§ **WORK TO BE COMPLETED**
Each line of the data that includes "High" must be copied.

(Source data)

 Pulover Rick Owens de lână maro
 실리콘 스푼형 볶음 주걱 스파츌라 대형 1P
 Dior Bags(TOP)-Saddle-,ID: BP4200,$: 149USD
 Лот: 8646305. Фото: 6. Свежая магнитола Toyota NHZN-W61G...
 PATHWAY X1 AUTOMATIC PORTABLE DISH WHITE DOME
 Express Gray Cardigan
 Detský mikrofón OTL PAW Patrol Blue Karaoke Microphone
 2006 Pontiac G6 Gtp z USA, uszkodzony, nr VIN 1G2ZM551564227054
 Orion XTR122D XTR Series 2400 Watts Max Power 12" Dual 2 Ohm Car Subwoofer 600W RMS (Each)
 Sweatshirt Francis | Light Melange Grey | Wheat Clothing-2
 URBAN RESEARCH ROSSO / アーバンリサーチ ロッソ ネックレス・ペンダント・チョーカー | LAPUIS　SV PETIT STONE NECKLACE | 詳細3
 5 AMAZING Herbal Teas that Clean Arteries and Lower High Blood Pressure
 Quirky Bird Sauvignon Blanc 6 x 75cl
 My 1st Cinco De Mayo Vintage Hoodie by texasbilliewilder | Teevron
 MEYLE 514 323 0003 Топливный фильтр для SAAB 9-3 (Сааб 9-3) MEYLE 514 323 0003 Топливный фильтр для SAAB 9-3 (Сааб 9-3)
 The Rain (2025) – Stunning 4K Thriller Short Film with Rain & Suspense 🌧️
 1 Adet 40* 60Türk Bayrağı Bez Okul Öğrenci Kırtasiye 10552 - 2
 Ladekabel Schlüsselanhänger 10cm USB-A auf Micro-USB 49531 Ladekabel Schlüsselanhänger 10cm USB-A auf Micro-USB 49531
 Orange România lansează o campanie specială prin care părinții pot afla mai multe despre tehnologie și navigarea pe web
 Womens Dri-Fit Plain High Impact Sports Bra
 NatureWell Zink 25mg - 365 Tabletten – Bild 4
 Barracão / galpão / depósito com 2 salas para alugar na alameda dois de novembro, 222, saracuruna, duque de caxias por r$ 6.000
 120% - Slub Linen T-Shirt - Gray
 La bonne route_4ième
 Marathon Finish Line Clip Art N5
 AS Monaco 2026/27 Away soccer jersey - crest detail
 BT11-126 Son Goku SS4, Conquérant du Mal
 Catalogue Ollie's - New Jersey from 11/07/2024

§ **RESPONSE AREA**
 5 AMAZING Herbal Teas that Clean Arteries and Lower High Blood Pressure
 Womens Dri-Fit Plain High Impact Sports Bra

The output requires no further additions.